C’est l’histoire d’une petite fille, Wadjda, qui veut s’acheter un vélo, sa mère refusant de lui en offrir un. Jusque-là, rien de transcendant ou qui justifierait un article.
Sauf que l’histoire se passe en Arabie Saoudite, pays tristement célèbre pour l’oppression que les femmes y subissent. Le droit de conduire est donc interdit aux femmes, interdiction qui s’étend au vélo qui menacerait la vertu des saoudiennes.
C’est sans compter sur l’obstination de notre héroïne qui, pour tenue de combat délaisse l’abaya et porte ostensiblement Converses et jeans au grand dam de sa directrice, l’autoritaire Mme Hussa. Et c’est là un aspect surprenant du film : le carcan moral et religieux qui pèse de tout son poids sur les femmes, leur privant de toute considération, trouve son origine chez ces mêmes femmes.
Directrice d’école, institutrices, mère, toutes s’obstinent à étouffer les revendications d’autonomie et les rêves de Wadjda.
La mère, très conservatrice, a d’ailleurs d’autres soucis en tête, son mari semblant vouloir trouver une seconde épouse. Quant à la directrice, elle a pour obsession d’inculquer les valeurs les plus rigoristes pour faire de ces filles de futures femmes pieuses et les plus discrètes possibles.

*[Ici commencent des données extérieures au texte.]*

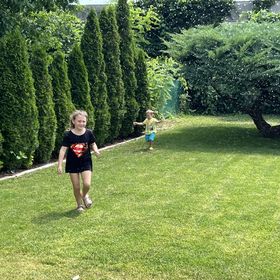 Bonsai Garden Balatonkenese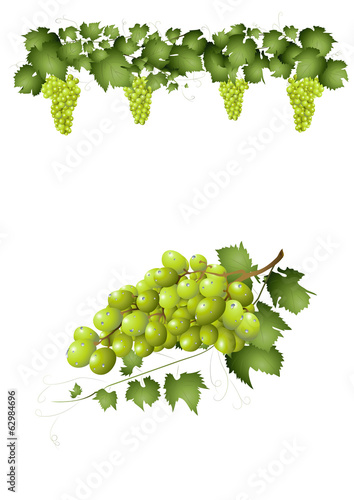 Weintrauben grün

Si ces femmes sont soumises et inférieures aux hommes dans la société, elles n’en demeurent pas moins omniprésentes dans cette histoire. Les hommes sont d’ailleurs quasiment absents de ce film, et ne font quelques rares apparitions, peu glorieuses.
Qu’à cela ne tienne donc pour Wadjda, celle-ci trouvera les moyens de s’acheter son vélo. Ironie du sort, un concours de récitation coranique est organisé par l’école, dont la gagnante se verra recevoir une somme bien nécessaire à l’achat d’un vélo.

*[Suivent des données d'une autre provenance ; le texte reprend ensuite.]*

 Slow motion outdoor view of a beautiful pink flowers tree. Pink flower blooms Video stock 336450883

Wadjda va donc simuler ce qu’on pourrait presque qualifier de « conversion » à cet islam si rigoriste pour remporter le concours. Cela donnera lieu à de très beaux moments musicaux, la psalmodiation du Coran étant quelque chose de magnifique et inconnu en Occident.
Si ce film est aussi beau et poétique dans un univers si déprimant où règne le jaune du désert et le noir des abayas qui couvre les femmes, c’est par ses séquences et ses symboliques.

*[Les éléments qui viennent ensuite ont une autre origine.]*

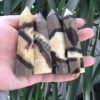 Septarian Gemstone Obelisk Points
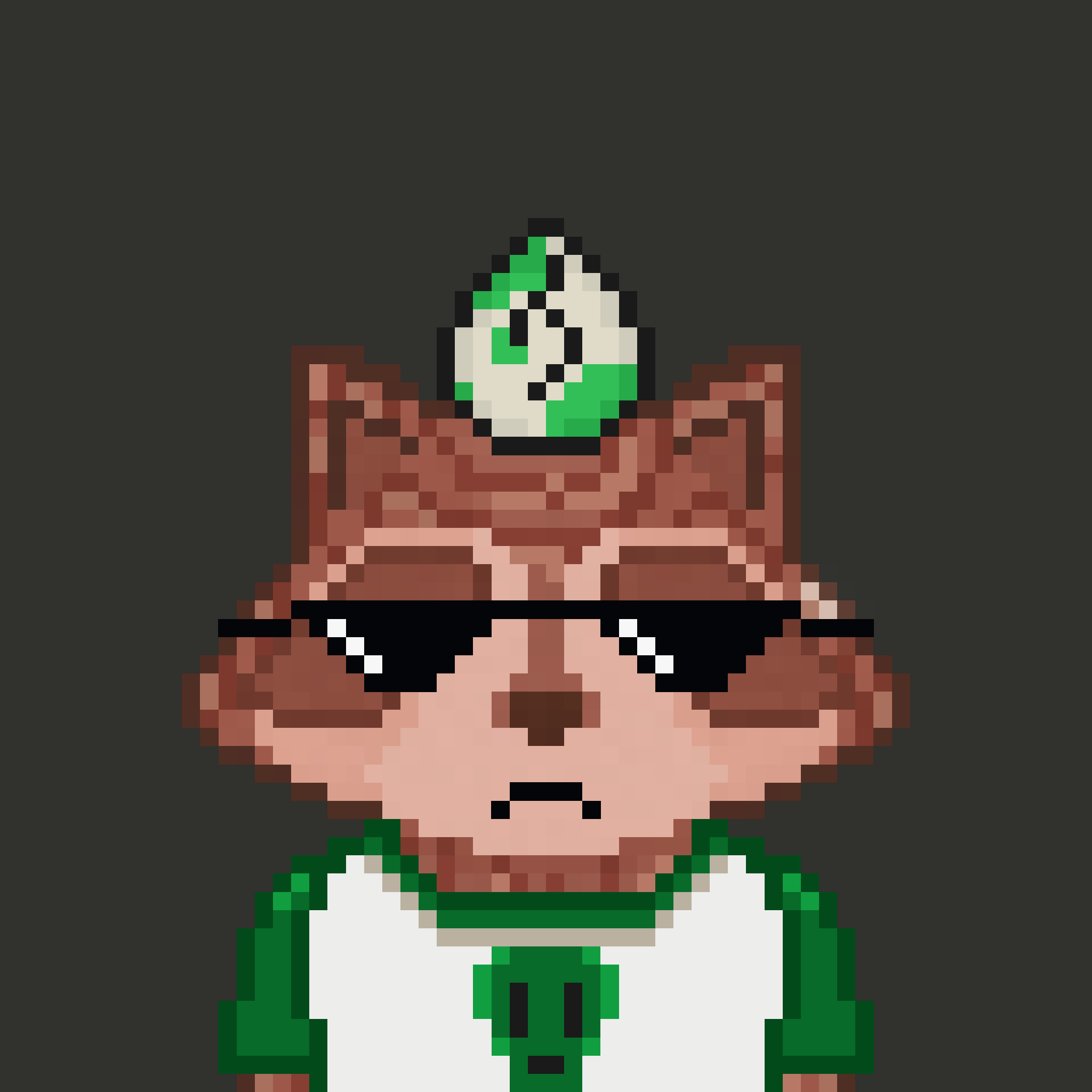 Pixel Raccoon #1223 NFT on Algorand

La plus marquante sans doute est celle où un vélo passe au loin devant les yeux émerveillés de Wadjda, semblant flotter dans l’espace, car la voiture sur laquelle il est accroché est caché par une palissade. Le vélo, et la liberté de mouvement, la défiance que sa possession représente, flotte ainsi comme dans un rêve dans ce film et dans l’esprit de Wadjda.
Plus qu’une simple petite fable de cette petite Gavroche saoudienne, ce film est lumineux par le message d’espoir qu’il apporte.La place de sa mère est également touchante et évolue à travers le film : elle finit par céder aux envies délirantes de sa fille, en lui souhaitant tout simplement d'être heureuse et épanouie malgré cette société oppressante.
Il ne s’agit pas d’un optimisme béat à la « it gets better », la fin du film ne le permet pas, mais plutôt d’un message, certes maintes fois répété ad nauseam mais ô combien poétique et courageux dans ce film de la possibilité de réaliser de grandes choses quand on s’accroche à ses rêves.
Comme le fait pour une femme saoudienne de tourner et produire le premier film jamais réalisé en Arabie Saoudite.